Responsible Business

The Road to 2050: Understanding the link between investing and climate strategies

November 17, 2021 - 5 minutes
A bird's eye view of a river flowing through a forest.
Approximately 124 countries have set net-zero targets by 2050, representing 40% of global emissions and 51% of global GDP1, with 13 of those countries and the EU having made that target legally binding. As target dates draw near, the global community is assessing whether we are collectively on track to meet our climate goals.

We tackled these issues during our inaugural ESG conference, The Road to 2050: Navigating the ESG Landscape. For our "Destination: Net-Zero" panel, we brought together Ezgi Barcenas, Chief Sustainability Officer, AB InBev; Bob Holycross, Vice President, Sustainability, Environment, and Safety Engineering, Ford Motor Company; and Bill Murphy, National Leader, Climate Change & Sustainability Services, KPMG; to discuss the link between climate targets and the steps corporations are taking to get there.

Key themes from our panel included:

Integrating climate risk

Efforts to understand and incorporate climate risks have come into sharp focus in corporate strategy and strategic decision making. "In recent years, [companies] have gone from thinking about ESG in terms of being good corporate citizens and it being a 'nice to have' to ESG being part of board-level decisions and presenting real material financial risks," says our moderator Glenn Gibson, Vice Chair and Regional Head for TDS USA.

Investors are increasingly focusing on how companies integrate and respond to climate risks and, where possible, turn these into value generating opportunities. Companies that proactively identify and manage climate risks are often preferred in a market focused on achieving global climate targets. Building internal capacity on climate risk can be a challenge. Panelists emphasized that cross collaboration, not only within a company, but also across its supply chain, is key to effectively weaving sustainability and climate awareness into a company's corporate culture. As environmental risk and performance data is incorporated into business strategy decisions, the process evolves from risk management to an enabler of a company's commercial vision.

"ESG has moved well beyond just being a green company or having environmental credentials," says Bob Holycross. "You may have a separate quality function and a team that's dedicated to [ESG], but it has to be embedded everywhere in your products and in your processes to ensure all decisions and strategic direction are in line."

Communicating impact to investors

Sustainable debt markets have taken off over the past few years, growing at a 56% compound annual growth rate from 2015, as well as increasing 40% from FY20, as of Q3/212. With ESG focused asset management on track to reach $50 trillion by 20252, the focus on climate remains king, as the number of clean energy funds increased 7x in the first half of 2021 (vs. the same period last year). As a result, private sector climate targets are turning out to be a formidable force in shaping capital markets. As major financial players set net-zero commitments at the portfolio level, the companies these institutions lend to, insure and invest in feel increasing pressure to set their own climate commitments and demonstrate credible performance against them.

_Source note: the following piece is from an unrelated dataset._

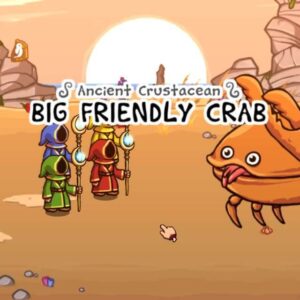 Magicka: Wizards of the Square Tablet Steam CD Key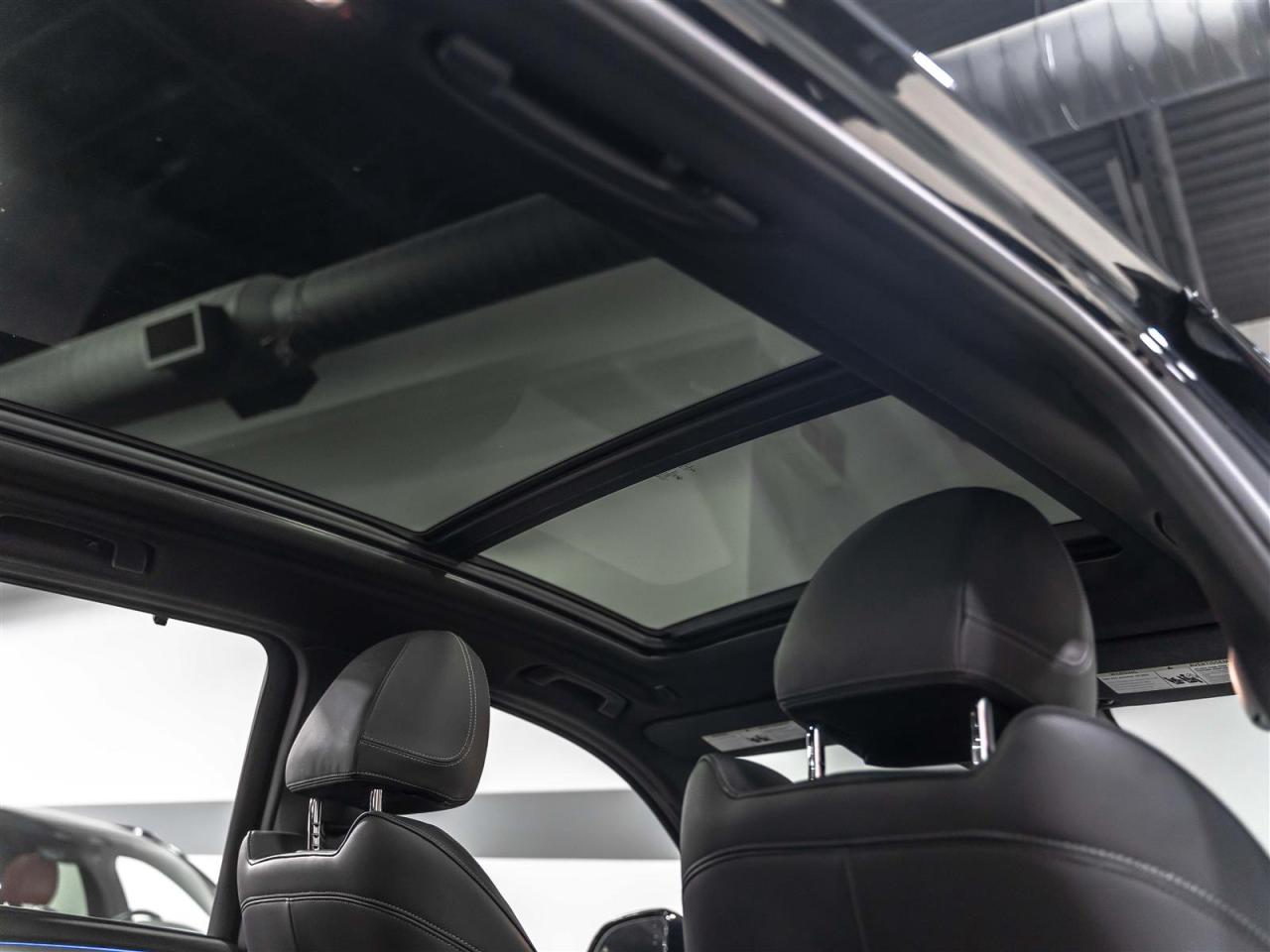 2018 BMW X3 xDrive30i|M SPORT|HEADS-UP|BLINDSPOT|LANE DEPART|APPLE CARPLAY Photo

One key challenge these financial players face is assessing the credibility of corporate climate strategies and the reporting of progress against targets. Our panelists agreed that more transparent, comparable, and complete data on emissions baselines and subsequent reductions is sorely needed to effectively assess climate performance and inform investment decisions.

"There's a fair bit of effort required by corporates, not just to gather the emissions information from across their organization and suppliers, but to compile it in accordance with appropriate global protocols," says Bill Murphy. "The next step is creating emissions forecasting capabilities. In order to make informed capital budgeting decisions and achieve targeted reductions, there has to be a way to measure the impact of planned changes in operations - whether through efficiency initiatives, increased use of renewables or introduction of new technologies - and the contribution they're going to make in improving the company’s emissions profile."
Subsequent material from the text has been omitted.